Saí do curso de autoconhecimento e fiz um planejamento, porque decidi que não podia mais levar aquela vida sem propósito que eu tinha no Banco do Brasil. Faltava alguns anos para me aposentar, mas deixei tudo para trás e me uni à equipe que, na época, aplicava o processo Hoffman. Algum tempo depois, meu marido também passou pelo curso e nós conseguimos resgatar e renovar nosso casamento. Depois, tivemos, ainda, mais dois filhos.
Felicidade não é mágica, se constrói
Todos temos uma visão infantil a respeito da felicidade, como se ela fosse mágica - quando, na verdade, precisa mesmo é ser construída.

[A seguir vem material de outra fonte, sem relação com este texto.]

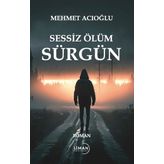 Liman Yayınevi Sesiz Ölüm Sürgün
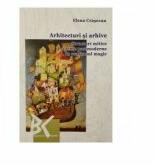 Arhitecturi si arhive: Structuri mitice si teme postmoderne in realismul magic - Elena Crasovan (ISBN: 9789731256801)
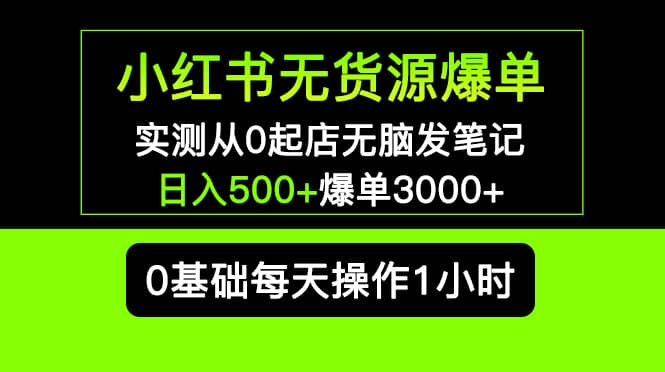 小红书无货源爆单 实测从0起店无脑发笔记爆单3000+长期项目可多店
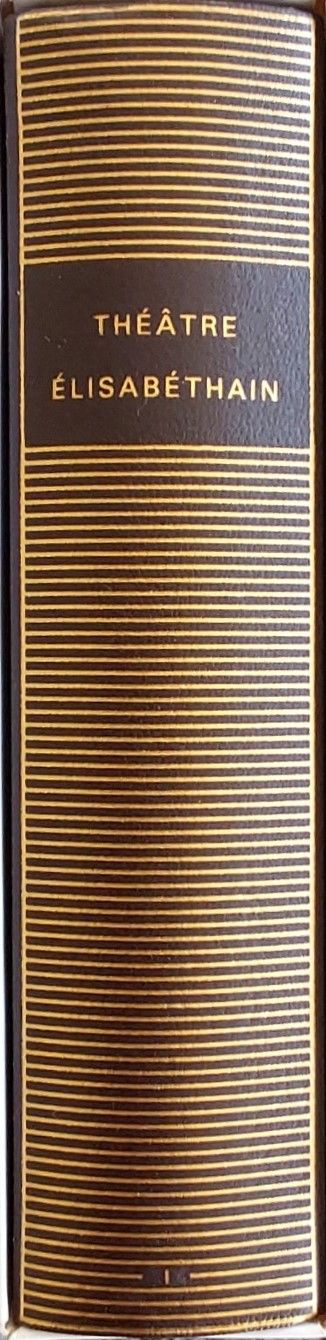 Volume 555 de Collectifs du XVIeme dans la Bibliothèque de la Pléiade.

Digo isso porque, em diversas ocasiões, me perguntam se eu ainda vivo um comportamento negativo, se ainda fico com raiva.
Sim, eu fico. Muitas vezes me distraio e nem percebo. Conto para essas pessoas que possuo minhas deficiências e meus pontos fracos, mas que hoje sou muito mais feliz do que há 30 anos. E, olha, muita coisa aconteceu. Em 2012 descobri que estava com câncer. Precisei realizar uma mastectomia e vivi sentimentos que não imaginava experimentar. Meu terceiro filho teve também um câncer, aos 17 anos, e uma recidiva aos 19 anos. Fez um transplante de medula no começo de 2014 e teve alta no começo deste ano. No entanto, sou mais feliz, sem dúvida. Não quero voltar nem um dia da minha vida e tudo por causa do treino do autoconhecimento e da positividade, um exercício que me acompanha constantemente.
Essa prática faz com que eu viva a dor quando tenho dor, viva a alegria quando tenho alegria e, na soma, acredito que temos muito mais tempos agradáveis do que desagradáveis. É somente o vício de olharmos para o negativo que faz com que algo desagradável aconteça e percamos o dia, o mês, o ano, alguns de nós, até a vida".